I would like you to return all of the records exactly as they stand.
Given data Block Start
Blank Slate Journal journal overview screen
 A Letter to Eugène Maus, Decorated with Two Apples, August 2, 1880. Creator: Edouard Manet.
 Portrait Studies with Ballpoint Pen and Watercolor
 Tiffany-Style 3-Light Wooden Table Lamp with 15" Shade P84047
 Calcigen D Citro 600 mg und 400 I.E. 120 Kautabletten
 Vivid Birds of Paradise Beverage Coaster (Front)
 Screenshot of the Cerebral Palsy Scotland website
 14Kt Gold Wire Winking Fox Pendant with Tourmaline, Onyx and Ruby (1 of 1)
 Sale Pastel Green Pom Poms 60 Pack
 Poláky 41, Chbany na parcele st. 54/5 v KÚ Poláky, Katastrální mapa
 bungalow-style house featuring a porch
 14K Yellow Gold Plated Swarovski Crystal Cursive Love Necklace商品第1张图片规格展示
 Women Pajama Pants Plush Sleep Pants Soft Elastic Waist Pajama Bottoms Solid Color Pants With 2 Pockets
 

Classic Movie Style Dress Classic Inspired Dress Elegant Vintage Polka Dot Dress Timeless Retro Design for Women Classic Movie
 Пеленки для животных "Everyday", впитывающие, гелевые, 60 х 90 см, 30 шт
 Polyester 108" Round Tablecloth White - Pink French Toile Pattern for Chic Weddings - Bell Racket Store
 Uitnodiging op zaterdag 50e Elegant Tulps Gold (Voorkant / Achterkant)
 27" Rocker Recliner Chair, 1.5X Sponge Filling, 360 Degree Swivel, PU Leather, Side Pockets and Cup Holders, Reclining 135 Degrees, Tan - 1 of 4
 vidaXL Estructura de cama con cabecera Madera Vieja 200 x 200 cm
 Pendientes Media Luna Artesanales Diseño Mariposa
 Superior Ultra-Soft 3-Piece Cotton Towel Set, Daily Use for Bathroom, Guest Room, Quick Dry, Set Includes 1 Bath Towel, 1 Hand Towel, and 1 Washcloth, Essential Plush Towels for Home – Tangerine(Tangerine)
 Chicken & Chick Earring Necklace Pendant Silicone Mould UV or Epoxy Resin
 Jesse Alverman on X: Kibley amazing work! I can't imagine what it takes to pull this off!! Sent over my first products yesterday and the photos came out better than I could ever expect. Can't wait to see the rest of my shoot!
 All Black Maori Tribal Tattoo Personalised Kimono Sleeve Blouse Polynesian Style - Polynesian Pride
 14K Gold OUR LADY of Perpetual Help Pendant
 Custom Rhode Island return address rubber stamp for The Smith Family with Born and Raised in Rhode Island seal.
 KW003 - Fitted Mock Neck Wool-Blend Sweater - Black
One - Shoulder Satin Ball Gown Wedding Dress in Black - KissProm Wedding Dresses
Given data Block End
Expected answer:
Blank Slate Journal journal overview screen
 A Letter to Eugène Maus, Decorated with Two Apples, August 2, 1880. Creator: Edouard Manet.
 Portrait Studies with Ballpoint Pen and Watercolor
 Tiffany-Style 3-Light Wooden Table Lamp with 15" Shade P84047
 Calcigen D Citro 600 mg und 400 I.E. 120 Kautabletten
 Vivid Birds of Paradise Beverage Coaster (Front)
 Screenshot of the Cerebral Palsy Scotland website
 14Kt Gold Wire Winking Fox Pendant with Tourmaline, Onyx and Ruby (1 of 1)
 Sale Pastel Green Pom Poms 60 Pack
 Poláky 41, Chbany na parcele st. 54/5 v KÚ Poláky, Katastrální mapa
 bungalow-style house featuring a porch
 14K Yellow Gold Plated Swarovski Crystal Cursive Love Necklace商品第1张图片规格展示
 Women Pajama Pants Plush Sleep Pants Soft Elastic Waist Pajama Bottoms Solid Color Pants With 2 Pockets
 

Classic Movie Style Dress Classic Inspired Dress Elegant Vintage Polka Dot Dress Timeless Retro Design for Women Classic Movie
 Пеленки для животных "Everyday", впитывающие, гелевые, 60 х 90 см, 30 шт
 Polyester 108" Round Tablecloth White - Pink French Toile Pattern for Chic Weddings - Bell Racket Store
 Uitnodiging op zaterdag 50e Elegant Tulps Gold (Voorkant / Achterkant)
 27" Rocker Recliner Chair, 1.5X Sponge Filling, 360 Degree Swivel, PU Leather, Side Pockets and Cup Holders, Reclining 135 Degrees, Tan - 1 of 4
 vidaXL Estructura de cama con cabecera Madera Vieja 200 x 200 cm
 Pendientes Media Luna Artesanales Diseño Mariposa
 Superior Ultra-Soft 3-Piece Cotton Towel Set, Daily Use for Bathroom, Guest Room, Quick Dry, Set Includes 1 Bath Towel, 1 Hand Towel, and 1 Washcloth, Essential Plush Towels for Home – Tangerine(Tangerine)
 Chicken & Chick Earring Necklace Pendant Silicone Mould UV or Epoxy Resin
 Jesse Alverman on X: Kibley amazing work! I can't imagine what it takes to pull this off!! Sent over my first products yesterday and the photos came out better than I could ever expect. Can't wait to see the rest of my shoot!
 All Black Maori Tribal Tattoo Personalised Kimono Sleeve Blouse Polynesian Style - Polynesian Pride
 14K Gold OUR LADY of Perpetual Help Pendant
 Custom Rhode Island return address rubber stamp for The Smith Family with Born and Raised in Rhode Island seal.
 KW003 - Fitted Mock Neck Wool-Blend Sweater - Black
One - Shoulder Satin Ball Gown Wedding Dress in Black - KissProm Wedding Dresses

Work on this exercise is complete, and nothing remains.